Forty-two men were in the mine at the time of the explosion, 25 of whom were in the vicinity of the stope.  Owing to the reversal of the air currents, 8 men were killed and 17 were injured by fumes on the level below the stope where normally fresh air entered this section of the mine.  One of the injured died several days later, making a total of 9 killed.

The 17 men who worked at some distance from the 10 North No. 1 stope were able to save themselves by stopping a blower fan and opening a compressed air line near the face of the crosscut in which they were working.  These men were rescued by crews working in fresh air after the mine ventilation was restored.

Source:
Historical Summary of Mine Disasters in the United States - Volume III


8 Copper Miners Die in Explosion
Charlestown Gazette, West Virginia
January 6, 1943

Ducktown, Tenn., Jan. 5. -- (AP) -- Eight men were killed and the lives of more than two score others endangered here today in a mid-afternoon explosion at the Tennessee Copper Company mine.

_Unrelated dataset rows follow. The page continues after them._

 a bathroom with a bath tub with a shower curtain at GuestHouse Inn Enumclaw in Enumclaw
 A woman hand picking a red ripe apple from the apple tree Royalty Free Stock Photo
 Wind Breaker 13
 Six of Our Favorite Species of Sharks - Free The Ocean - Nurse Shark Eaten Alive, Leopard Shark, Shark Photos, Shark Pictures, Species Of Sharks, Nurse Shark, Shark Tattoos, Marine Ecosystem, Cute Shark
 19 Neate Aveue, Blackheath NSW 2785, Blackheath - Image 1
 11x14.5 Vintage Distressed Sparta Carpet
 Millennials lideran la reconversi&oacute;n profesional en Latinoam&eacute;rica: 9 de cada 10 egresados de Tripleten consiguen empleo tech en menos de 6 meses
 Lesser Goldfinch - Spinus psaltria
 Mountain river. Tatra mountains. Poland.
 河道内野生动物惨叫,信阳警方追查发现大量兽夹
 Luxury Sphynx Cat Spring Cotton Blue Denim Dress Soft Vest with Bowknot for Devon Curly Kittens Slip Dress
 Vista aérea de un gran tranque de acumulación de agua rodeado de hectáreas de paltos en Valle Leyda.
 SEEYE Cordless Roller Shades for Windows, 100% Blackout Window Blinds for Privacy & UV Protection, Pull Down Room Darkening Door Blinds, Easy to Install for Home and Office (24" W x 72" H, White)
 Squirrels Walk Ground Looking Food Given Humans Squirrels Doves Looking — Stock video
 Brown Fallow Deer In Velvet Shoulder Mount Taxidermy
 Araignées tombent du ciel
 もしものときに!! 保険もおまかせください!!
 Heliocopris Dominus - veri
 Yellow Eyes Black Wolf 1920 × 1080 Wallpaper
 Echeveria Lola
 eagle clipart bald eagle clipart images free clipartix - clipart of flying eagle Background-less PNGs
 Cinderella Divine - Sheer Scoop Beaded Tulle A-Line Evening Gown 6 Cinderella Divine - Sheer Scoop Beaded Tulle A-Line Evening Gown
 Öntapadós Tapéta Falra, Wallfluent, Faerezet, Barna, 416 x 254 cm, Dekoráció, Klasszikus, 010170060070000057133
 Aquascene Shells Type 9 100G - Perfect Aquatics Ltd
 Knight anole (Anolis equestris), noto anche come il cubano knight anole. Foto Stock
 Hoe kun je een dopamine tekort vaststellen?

General Supt. Lamar Weaver of the mine said a routine detonation of a normal amount of dynamite, set off at 3 p.m., caused a dust explosion, which in turn interrupted the working of an air fan.

Eight bodies had been recovered within a few hours after the explosion, Weaver said, and 14 other miners, suffering from varying degrees of asphyxiation, were under treatment at Copperhill and Ducktown hospitals.  The remainder of the shift of 54 men in the tenth level, where the explosion occurred, escaped serious injury, he said, and there was no indication of further casualties.

Weaver said rescue squads were clearing the tenth level within an hour after the explosion.  The air fan was restored to use to aid the squads in their work.

An unofficial list of dead was:
  • Homer Payne
  • Simon Dunn
  • Thomas Fritts
  • L. G. Spurling
  • W. D. Deal
  • Elmer Pless
  • Ralph Hancock
  • C. B. Helton
All the victims lived in the copper basin which embraces Ducktown, Copperhill and North Fannin County in Georgia.

Note: One of the injured died several days later, making a total of 9 killed.